Theorem: If G is a graph that is not complete, then it is possible to add at least one edge to it.

Inductive proof: Base case: Assume we have a graph G(v,e), and v=4 if we have a graph like the following:

a------b
|      |
|      |
c------d

the graph is not complete so it is possible to add at least one edge from a-d or from b-c; so the base case holds

Consider now a graph G'(v,e) with v>4 that is not complete so according to our theorem would be possible to add at least one edge between any pair of vertices, this would be our Induction Hypothesis.
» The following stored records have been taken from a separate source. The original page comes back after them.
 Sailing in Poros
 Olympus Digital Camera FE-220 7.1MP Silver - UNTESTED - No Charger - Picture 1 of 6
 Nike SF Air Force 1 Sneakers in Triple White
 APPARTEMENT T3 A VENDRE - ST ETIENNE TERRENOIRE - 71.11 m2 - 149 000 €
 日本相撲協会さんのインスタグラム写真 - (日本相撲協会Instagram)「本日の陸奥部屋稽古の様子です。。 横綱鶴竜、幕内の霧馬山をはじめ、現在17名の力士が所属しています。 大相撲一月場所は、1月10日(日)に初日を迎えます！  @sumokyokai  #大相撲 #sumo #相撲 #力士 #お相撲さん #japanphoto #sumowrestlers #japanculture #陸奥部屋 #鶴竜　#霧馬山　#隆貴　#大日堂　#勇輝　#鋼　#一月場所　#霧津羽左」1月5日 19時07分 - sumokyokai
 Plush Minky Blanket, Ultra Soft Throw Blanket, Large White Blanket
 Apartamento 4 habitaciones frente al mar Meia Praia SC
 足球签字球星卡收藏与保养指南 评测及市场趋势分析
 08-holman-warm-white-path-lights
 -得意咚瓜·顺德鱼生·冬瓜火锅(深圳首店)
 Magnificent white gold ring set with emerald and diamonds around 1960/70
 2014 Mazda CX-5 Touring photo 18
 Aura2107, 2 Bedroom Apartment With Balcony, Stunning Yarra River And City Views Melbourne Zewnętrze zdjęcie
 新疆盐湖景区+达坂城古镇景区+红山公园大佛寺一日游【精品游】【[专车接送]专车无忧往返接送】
Now I would take another vertex v'and I would like to join this to our original graph G'(v,e) to form G''(v',e'), it can occur two cases:

  • Asssume that v' does not have an outgoing edge so it is not connected to G', because of this at least one edge could be added to connect it to another vertex, but as long as I am not connecting v'to all the other vertices of G' then the graph is still not complete and by IH I could be able to add at least another edge.

  • Assume that v'is connected to another vertex in G', this additional edge will not make G'' complete, because this vertex would need to be connected to all the other vertices of G', meaning that at least I can add one edge more, and according to our IH because G'was not complete, the addition of this edges from v' to G'would still not make G'' complete; leaving space for adding at least one additional edge to G'.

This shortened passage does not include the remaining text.